* About this task
Retype nothing except the lines below from the one with "How to use speedfan How to use speedfan" through the one with "Onion Key tide", exactly, with images left out.

* Dataset entries
^^^^^^^^
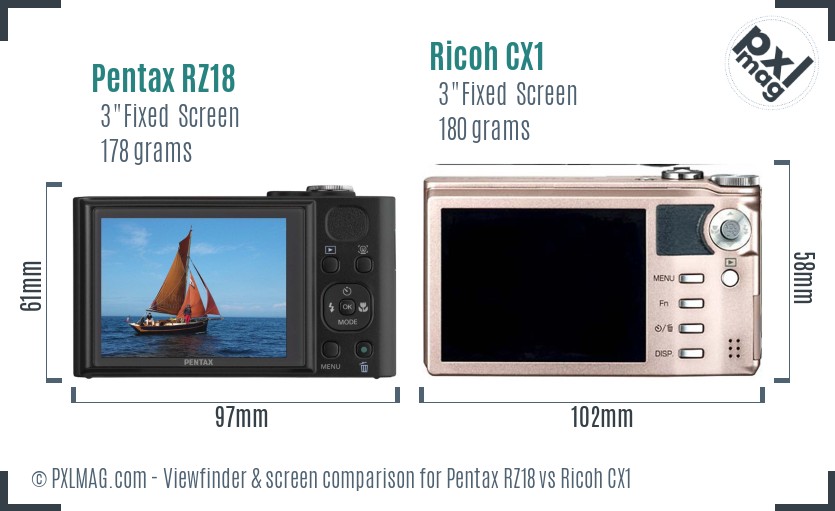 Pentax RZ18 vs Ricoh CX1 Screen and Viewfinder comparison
^^^^^^^^
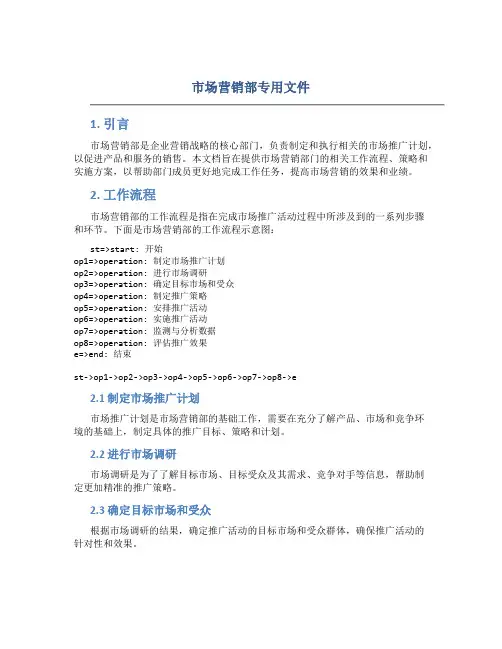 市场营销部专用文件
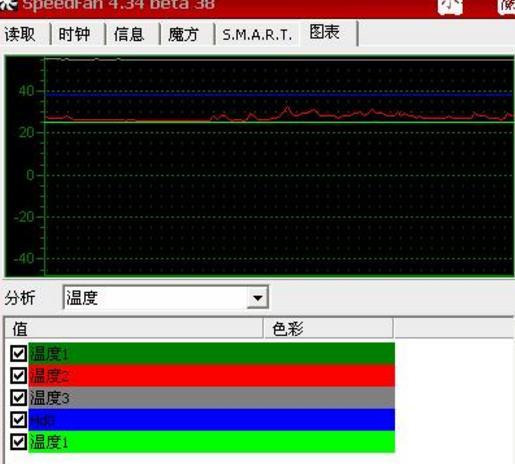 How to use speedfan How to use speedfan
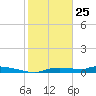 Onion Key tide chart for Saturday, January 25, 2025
^^^^^^^^
* Solution to the exercise
 How to use speedfan How to use speedfan
 Onion Key tide chart for Saturday, January 25, 2025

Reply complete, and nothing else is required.